In December 2019, the Star Wars sequel trilogy came to a close with Episode IX: The Rise of Skywalker. Critical reaction was far from glowing, and fans weren’t too hot on it either. Rather than concluding on a note of triumph like Return of the Jedi, or of hope, as in Revenge of the Sith, the ‘Skywalker saga’ ends with kind of a sour taste.


In putting my finger on why it was such an unsatisfying finale, an idea I found helpful is what Michael Arndt calls “philosophical stakes”. Arndt is the Oscar-winning writer of Little Miss Sunshine and Toy Story 3, and he was the first writer on The Force Awakens before he was replaced with JJ Abrams and Lawrence Kasdan, partly out of time pressure (which has been a defining theme of the sequel trilogy).
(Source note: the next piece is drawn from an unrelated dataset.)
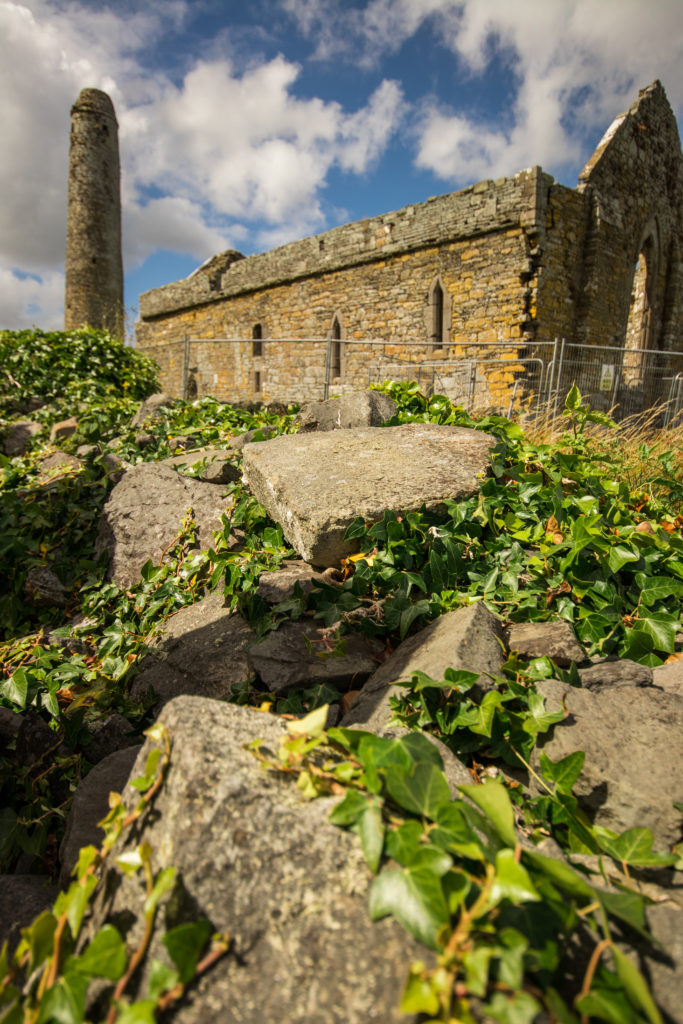The round tower of Scattery Island, Ireland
In a video called “Endings: The Good, the Bad and the Insanely Great”, Michael Arndt talks about three kinds of stakes in a story: external, internal and perhaps most importantly, philosophical. At the heart of the film should be a clash of competing values: an underdog value embodied by the protagonist and its opposing value by the antagonist. This is especially true for a story like Star Wars that aspires to a mythic quality.


Handily, Arndt uses A New Hope as an example. There, the external stakes at the end of the film are: will the rebels destroy the Death Star or suffer obliteration and complete domination by the Empire? The internal stakes for Luke are: does he have a greater destiny than life on Tatooine or should he just be like his uncle? And the philosophical stakes are whether we are connected to each other and choose to live with altruism and community, rather than give into fear as the Empire would have us do. It’s the difference between Luke getting in that X-Wing with the rebels and Han leaving with his debt money.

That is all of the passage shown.